Many people would be very interested to see how well the new guidelines
perform in relation to the old (and other national guidelines). E.g., what
is the NNT? And, what are the effectiveness and efficiency gaps? Please
publish an update to Figure 2 in the paper? Thanks very much. Michael
Power.
(1) British Cardiac Society, British Hypertension Society, Diabetes
UK, HEART UK, Primary Care
Cardiovascular Society, The Stroke Association. JBS 2: Joint British
Societies' guidelines on prevention of cardiovascular disease in clinical
practice. Heart 2005;91(Suppl V):v1–v52. doi: 10.1136/hrt.2005.079988
Competing interests:
None declared
Competing interests: No competing interests
New Zealand Guidelines are Unworkable in Real Life
The authors' enthusiasm for the New Zealand Guidelines on
Cardiovascular Risk Assessment and management is misplaced. They are
unworkable in real life and hence little used by most New Zealand general
practitioners.
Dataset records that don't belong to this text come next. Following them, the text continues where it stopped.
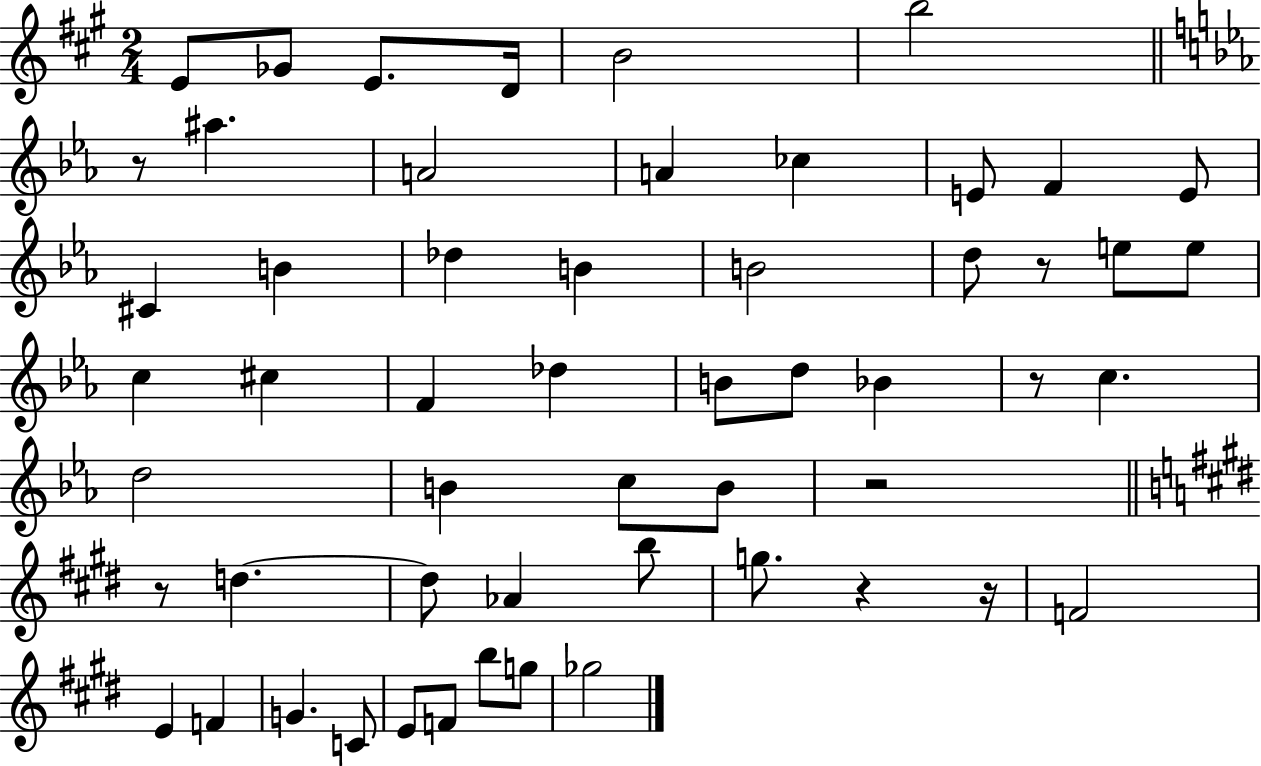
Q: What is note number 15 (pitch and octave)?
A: B4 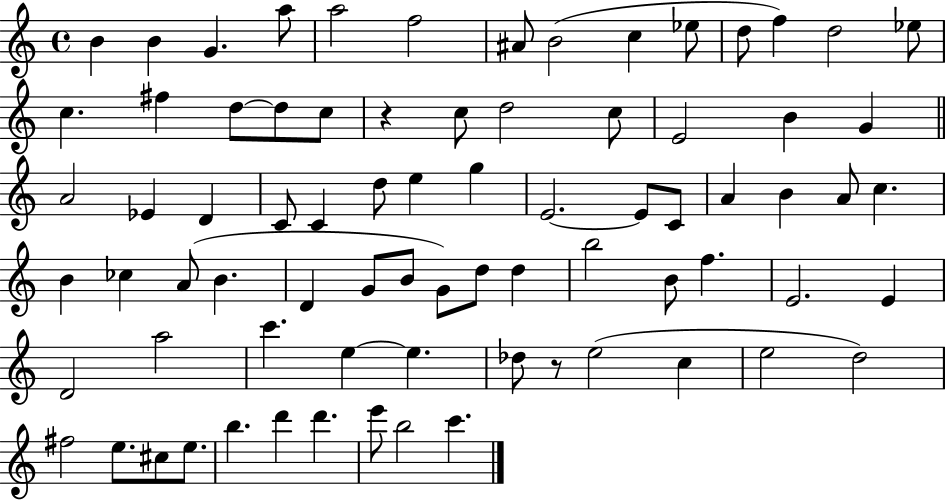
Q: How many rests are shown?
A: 2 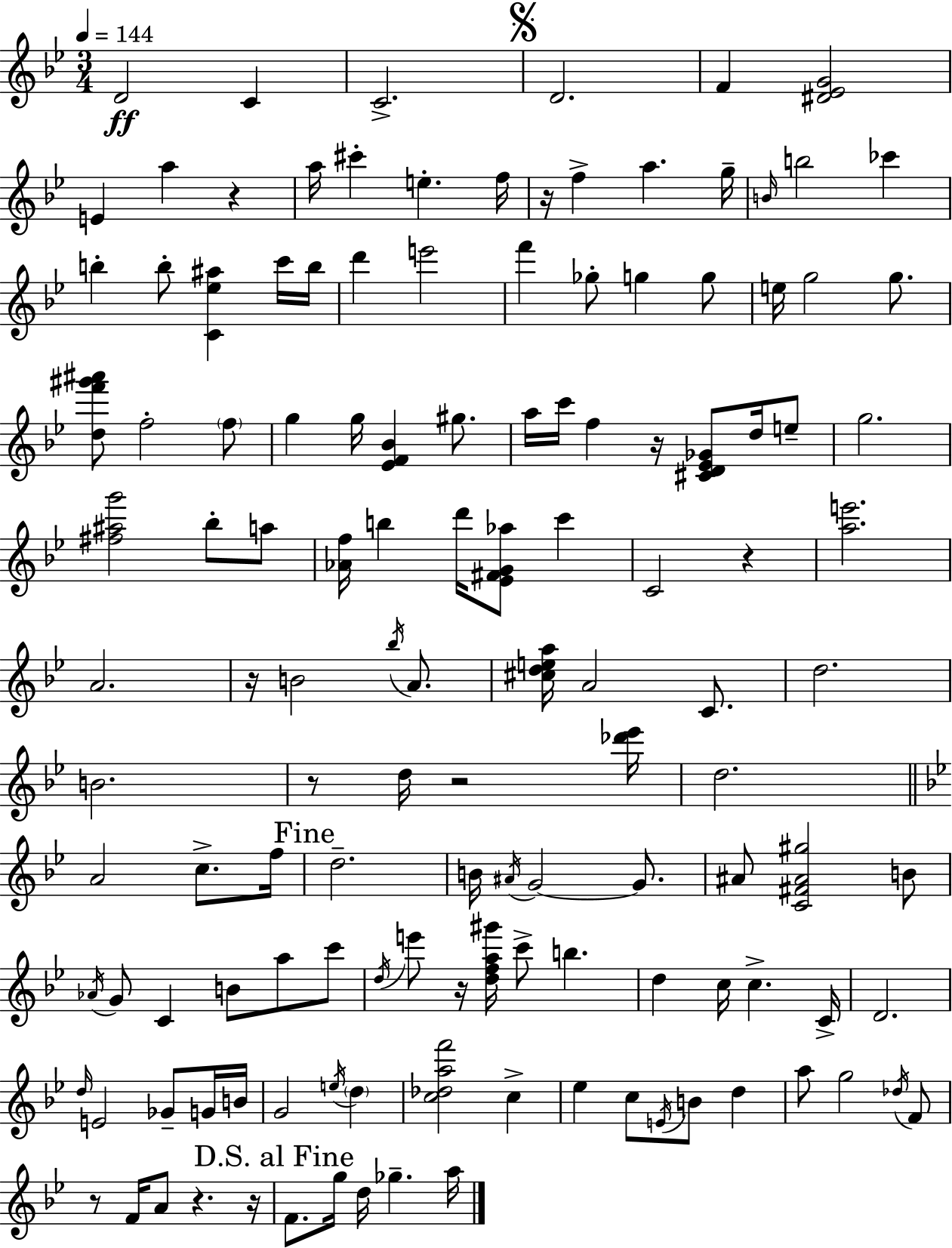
{
  \clef treble
  \numericTimeSignature
  \time 3/4
  \key g \minor
  \tempo 4 = 144
  d'2\ff c'4 | c'2.-> | \mark \markup { \musicglyph "scripts.segno" } d'2. | f'4 <dis' ees' g'>2 | \break e'4 a''4 r4 | a''16 cis'''4-. e''4.-. f''16 | r16 f''4-> a''4. g''16-- | \grace { b'16 } b''2 ces'''4 | \break b''4-. b''8-. <c' ees'' ais''>4 c'''16 | b''16 d'''4 e'''2 | f'''4 ges''8-. g''4 g''8 | e''16 g''2 g''8. | \break <d'' f''' gis''' ais'''>8 f''2-. \parenthesize f''8 | g''4 g''16 <ees' f' bes'>4 gis''8. | a''16 c'''16 f''4 r16 <cis' d' ees' ges'>8 d''16 e''8-- | g''2. | \break <fis'' ais'' g'''>2 bes''8-. a''8 | <aes' f''>16 b''4 d'''16 <ees' fis' g' aes''>8 c'''4 | c'2 r4 | <a'' e'''>2. | \break a'2. | r16 b'2 \acciaccatura { bes''16 } a'8. | <cis'' d'' e'' a''>16 a'2 c'8. | d''2. | \break b'2. | r8 d''16 r2 | <des''' ees'''>16 d''2. | \bar "||" \break \key g \minor a'2 c''8.-> f''16 | \mark "Fine" d''2.-- | b'16 \acciaccatura { ais'16 } g'2~~ g'8. | ais'8 <c' fis' ais' gis''>2 b'8 | \break \acciaccatura { aes'16 } g'8 c'4 b'8 a''8 | c'''8 \acciaccatura { d''16 } e'''8 r16 <d'' f'' a'' gis'''>16 c'''8-> b''4. | d''4 c''16 c''4.-> | c'16-> d'2. | \break \grace { d''16 } e'2 | ges'8-- g'16 b'16 g'2 | \acciaccatura { e''16 } \parenthesize d''4 <c'' des'' a'' f'''>2 | c''4-> ees''4 c''8 \acciaccatura { e'16 } | \break b'8 d''4 a''8 g''2 | \acciaccatura { des''16 } f'8 r8 f'16 a'8 | r4. r16 \mark "D.S. al Fine" f'8. g''16 d''16 | ges''4.-- a''16 \bar "|."
}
The reason for this is simple: They rely on absolute risk
assessment. Absolute risk for cardiovascular disease inevitably rises as
one ages and in the elderly is uniformly high. If one uses the guidelines
one would recommend the use of statins and antihypertensives to veirtually
all elderly patients. This is nonsensical as the benefits accrued to a
healthy 80 year old put onto these drugs is minute (if present at all!)
The perils of polypharmacy in the elderly seem to have been forgotten by
enthusiasts for these guidelines.
A far more logical approach and one most working general
practitioners use is to ask what benefit in terms of adding years of life
will using these medications bring to a particular patient. This approach
has been modelled by Ulrich et al in the BMJ, 2000;320:1134-40 article
"What is the optimal age for starting lipid lowering treatment: A
mathematical model. This model clearly shows that use of guidelines based
on absolute risk is not effective as it invariable leads to overtreatment
of the elderly with little benefit and undertreatment of younger patients.